After getting hosed for $100 (and that was cheap by Vegas standards, obviously) at a mediocre buffet last night, we were in no mood to try another. So we took the kids to McD’s for breakfast. The 4 bags they gave us seemed a little unusual for the 5 items we’d ordered, but I took them and wandered back to the table... Where Mrs. Grumpy discovered that, in addition to our regular order, we’d been given 27 orders of hash browns.
If you’re a McD’s shareholder who lost money on the error (or an Idaho potato farmer who made some) I must say it was unintentional and not my fault.
This is the lobby carpeting at the Excalibur. It’s a meaningless design, unless you’re a neurologist. Then it looks like a drawing of a nerve cell releasing packets of neurotransmitters across the synapse.
In a sign that all rock groups eventually sell out, the Excalibur is building "Lynard Skynard's Barbecue" (Freebird chicken sandwich, anyone?). Not that I have anything against selling-out. Hell, someone, please, buy me.
Today we went to Hoover Dam, then walked up to the new bypass bridge. It’s a helluva view, and you realize that if an oncoming semi-truck goes out of control, you have a choice between its grill or the canyon 900 feet down.
And here, from the top of Hoover dam, are (left to right) Craig’s hair, Craig, Frank, and Marie. Although you can’t see the line, Craig and his hair are in Arizona while Frank and Marie are in Nevada. And, as I said last year, all 3 are disguised as part of the Federal Witless Protection Program.
Shortly after this was taken Craig asked to leave because the wind was messing up his hair.
Then a fight broke out, because we'd all been in Nevada for a few days, but only Craig had been in Arizona (which was, say, a foot away). So Frank and Marie had a confrontation over who got to be the 2nd Grumpy child ever to go in Arizona, which ended when I pushed them both across the state line. Then they argued over who got to come back to Nevada first (it's a painted white line on the sidewalk, FFS!).
After all, one of the inalienable rights of siblings is that of fighting over stupid shit.
We talked about doing the dam tour, but the boys refused to go because it didn't include the room where they keep the Transformers.
On the drive back from the dam, the kids wanted to stop for lunch. After the fight on the dam I just opened the cooler and handed them a bunch of leftover McD's hash browns.
After getting back to the Excalibur, the kids and Mrs. Grumpy went down to the pool, and I went to play blackjack (I won $15). As I was sitting there... it happened.
Mrs. Sawme: “Hey! It’s Dr. Grumpy! What are you doing here?”
Dr. Grumpy: “Oh, Hi, Mrs. Sawme. Funny to see you here.”
Mrs. Sawme: “That surgeon you sent me to for my corroded artery...”
Dr. Grumpy: “Carotid.”
Mrs. Sawme: “Was awesome! Look at how well my scar is healing!” (rolls down shirt collar).
Dealer: “Sir, were you going to bet on this hand?”
Dr. Grumpy: “Uh, no. I, um, need to go.”
Dealer: “I understand.”
Mrs. Sawme: “Bye, Dr. Grumpy! Hey, do you know when my next appointment is?”

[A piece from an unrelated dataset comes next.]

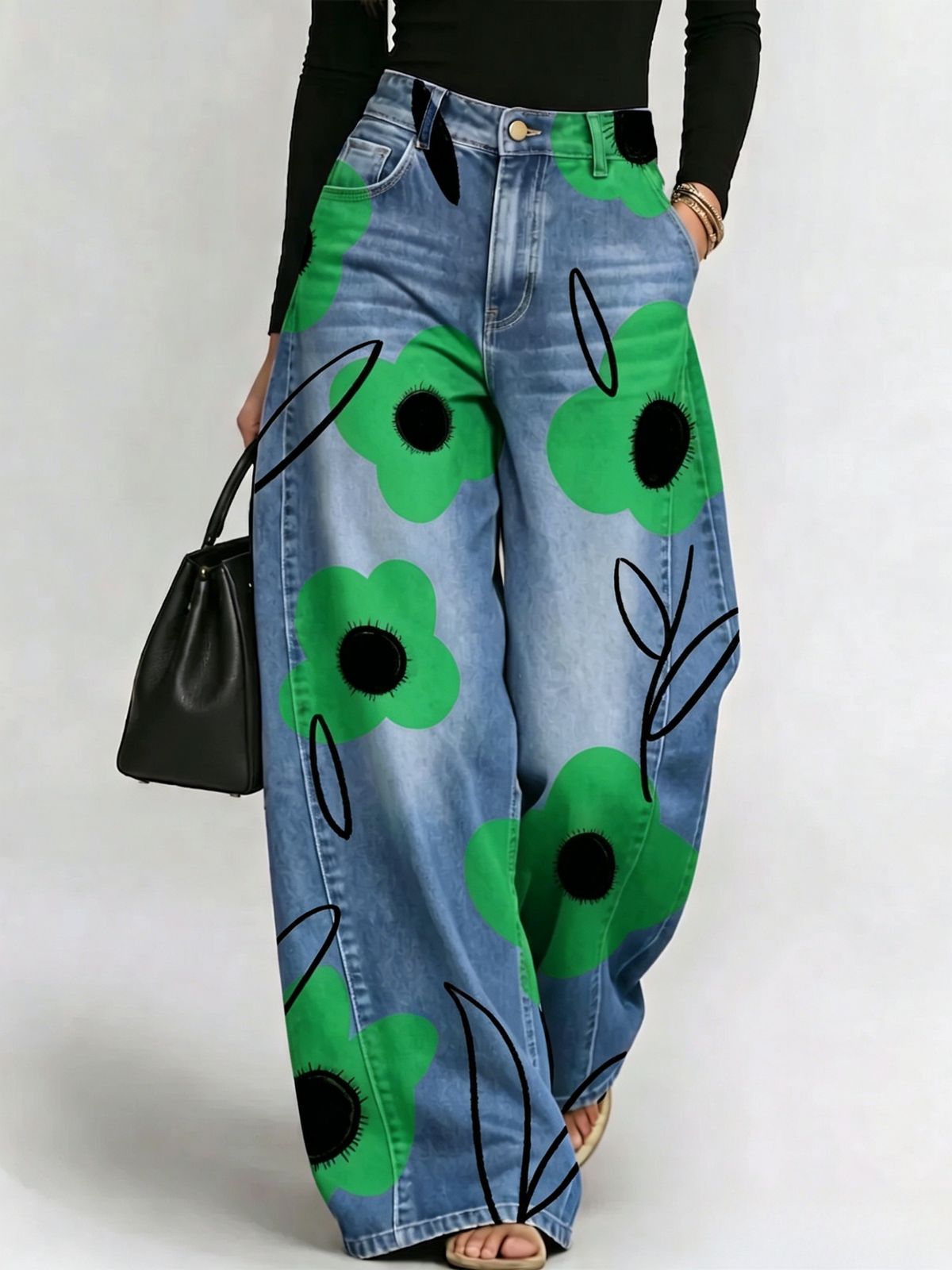 Women's Loose Fit Printed Denim Jeans Comfortable Wide Leg Trousers For Casual Wear_ecoleips.com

Dr. Grumpy: “No, call Mary. It was nice seeing you.”
Tonight, amidst much wailing and gnashing of teeth, we dragged the kids to see the Bellagio fountains “Dad! It’s just water.” And then the music started, and they shut up.
I lost the $15 bucks back to the Mirage. And they don’t even have the cool white tigers up front anymore. That sucks. Between that and the manatees the world is just going to hell on a handcart.